Professional Project Workflow Glossary

A reference for professional development practices.

Workflow

A defined sequence of steps for completing a task consistently and reproducibly.

Reproducibility

The ability to run the same project with the same inputs and obtain the same outputs. A core professional and scientific standard. Achieved through version control, dependency management, and deterministic code.

Deterministic Output

Output that is identical every time the program runs with the same inputs. Required for reproducible analytics. Avoid randomness unless explicitly seeded.

Run

Execute the program so it performs its full set of tasks: read inputs, compute results, write artifacts, log progress.

Verify

Confirm the project works as expected by running it and checking outputs and logs.

Debug

The process of finding and fixing errors in code. Use log messages, print statements, and error messages to identify the source of problems.

Logging

Writing timestamped messages during execution to record what the program did. Supports debugging, verification, and reproducibility. Messages are written to a log file and typically also to the console.

Log Level

A category indicating the importance of a log message.

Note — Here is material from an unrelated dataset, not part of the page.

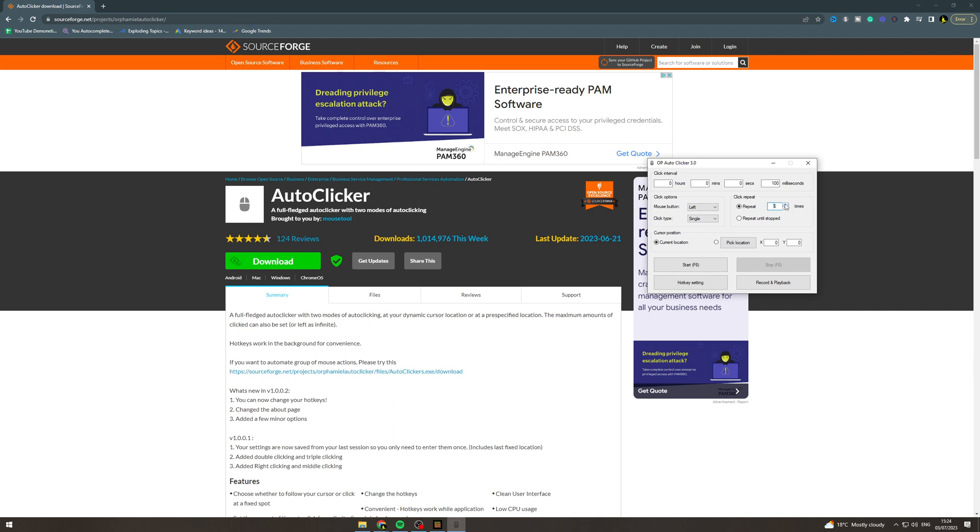So if I did like 10, it means if I click once it's going to click 10 times. So you can do that. Pick which one you want.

Standard levels in order of severity:

  • DEBUG: detailed diagnostic information
  • INFO: confirmation that things are working as expected
  • WARNING: something unexpected happened but execution continues
  • ERROR: a serious problem; part of the program failed
  • CRITICAL: a severe error; the program cannot continue

Log File

The file where log messages are written during a run. Typically named project.log and stored in the project root.

Evidence

Files that demonstrate the program ran correctly. Includes: output CSVs, log files, plots, screenshots.

Artifact

A file generated by the program as a result of a run. Often stored in artifacts/ or output/. Never manually edited. Artifacts and outputs are evidence.

Professional Workflow

The practice of working the way professionals do: using version control, managing dependencies, writing documented and reproducible code, and producing verifiable outputs.

Iteration

Improving a project through repeated cycles of run / evaluate / refine. Professional systems are rarely finished; they are often continuously improved.

Code Review

Structured evaluation of code by another person using defined criteria. Identifies bugs, unclear logic, missing documentation, and improvement opportunities.

Maintenance

The ongoing work required to keep a system accurate, functional, and trustworthy over time. Includes updating dependencies, adjusting thresholds, and refining logic as conditions change.